## Work instruction
Report only how many lines below include "Land".

## Provided information
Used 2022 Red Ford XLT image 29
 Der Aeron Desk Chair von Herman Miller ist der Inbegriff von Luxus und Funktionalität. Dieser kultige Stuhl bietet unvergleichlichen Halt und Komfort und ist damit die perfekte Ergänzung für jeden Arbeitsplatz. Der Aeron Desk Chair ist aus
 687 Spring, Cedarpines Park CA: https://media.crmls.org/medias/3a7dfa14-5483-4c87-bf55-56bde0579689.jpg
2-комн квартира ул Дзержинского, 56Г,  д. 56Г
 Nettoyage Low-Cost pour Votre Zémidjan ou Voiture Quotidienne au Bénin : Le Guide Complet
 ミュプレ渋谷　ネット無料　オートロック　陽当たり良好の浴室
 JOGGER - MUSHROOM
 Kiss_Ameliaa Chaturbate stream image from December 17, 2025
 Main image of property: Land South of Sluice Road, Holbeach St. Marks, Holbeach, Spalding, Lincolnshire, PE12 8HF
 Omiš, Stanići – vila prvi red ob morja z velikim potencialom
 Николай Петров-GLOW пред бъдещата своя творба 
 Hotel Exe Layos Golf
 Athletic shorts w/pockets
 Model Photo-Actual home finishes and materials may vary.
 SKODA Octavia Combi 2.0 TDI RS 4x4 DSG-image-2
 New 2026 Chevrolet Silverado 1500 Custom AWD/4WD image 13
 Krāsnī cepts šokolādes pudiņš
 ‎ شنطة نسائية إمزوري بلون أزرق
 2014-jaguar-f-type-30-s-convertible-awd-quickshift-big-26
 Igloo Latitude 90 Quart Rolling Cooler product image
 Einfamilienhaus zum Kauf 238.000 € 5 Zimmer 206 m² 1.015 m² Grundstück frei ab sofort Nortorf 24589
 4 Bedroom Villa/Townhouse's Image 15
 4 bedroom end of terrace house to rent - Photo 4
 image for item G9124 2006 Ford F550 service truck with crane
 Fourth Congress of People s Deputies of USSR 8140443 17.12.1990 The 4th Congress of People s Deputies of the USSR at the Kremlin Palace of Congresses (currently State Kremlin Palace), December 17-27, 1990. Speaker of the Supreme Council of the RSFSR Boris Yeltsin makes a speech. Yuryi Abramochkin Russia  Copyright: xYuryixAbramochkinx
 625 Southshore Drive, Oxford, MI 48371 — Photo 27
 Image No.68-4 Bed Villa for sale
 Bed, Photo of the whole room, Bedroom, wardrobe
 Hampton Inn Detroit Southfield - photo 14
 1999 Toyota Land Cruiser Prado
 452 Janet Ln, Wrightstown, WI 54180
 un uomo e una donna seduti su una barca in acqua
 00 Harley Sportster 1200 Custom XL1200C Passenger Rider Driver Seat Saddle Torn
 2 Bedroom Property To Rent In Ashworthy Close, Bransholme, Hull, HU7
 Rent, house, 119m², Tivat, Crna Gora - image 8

## Solution to the exercise
2